TASK TO CARRY OUT: Repeat all of the data below word for word, keeping no images.

INFORMATION SHOWN:
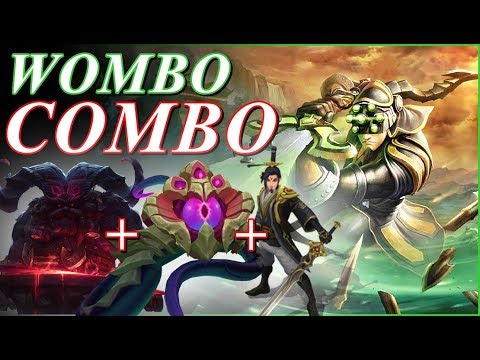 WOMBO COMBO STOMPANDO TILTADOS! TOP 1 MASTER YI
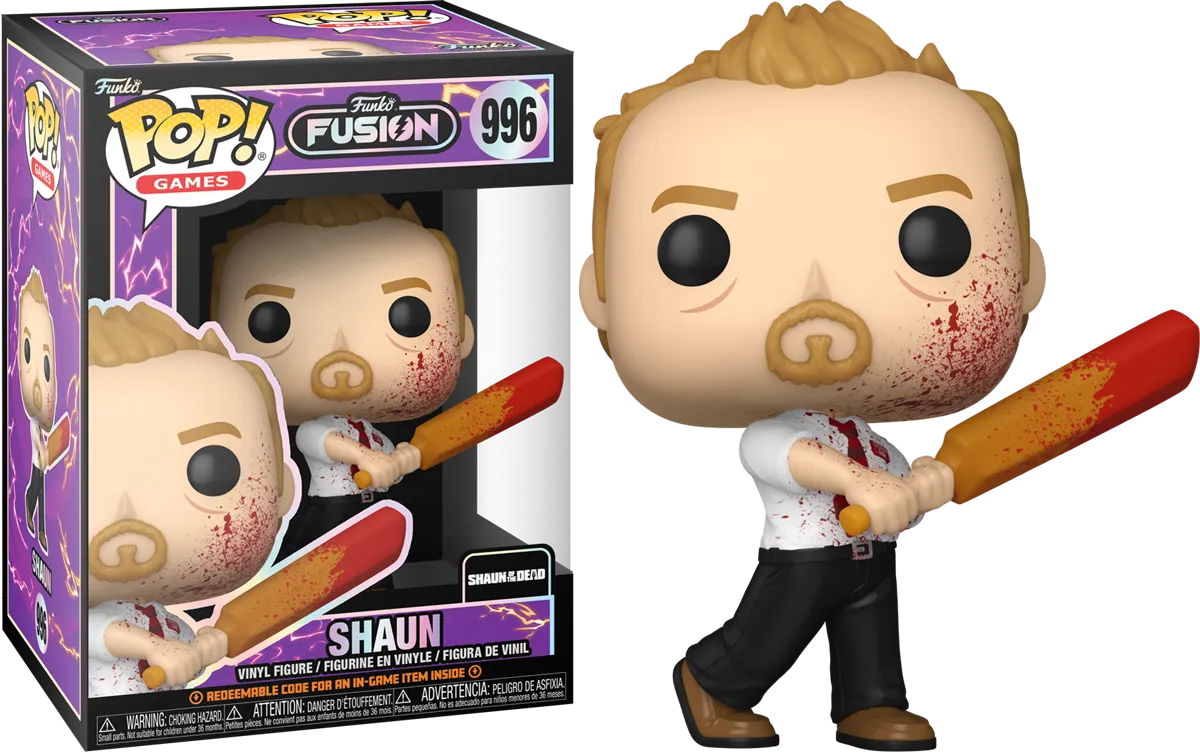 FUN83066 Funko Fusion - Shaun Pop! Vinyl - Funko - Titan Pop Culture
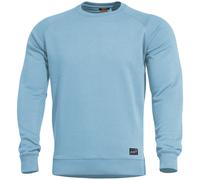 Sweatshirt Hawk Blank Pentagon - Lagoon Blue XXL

PROBLEM SOLUTION:
 WOMBO COMBO STOMPANDO TILTADOS! TOP 1 MASTER YI
 FUN83066 Funko Fusion - Shaun Pop! Vinyl - Funko - Titan Pop Culture
 Sweatshirt Hawk Blank Pentagon - Lagoon Blue XXL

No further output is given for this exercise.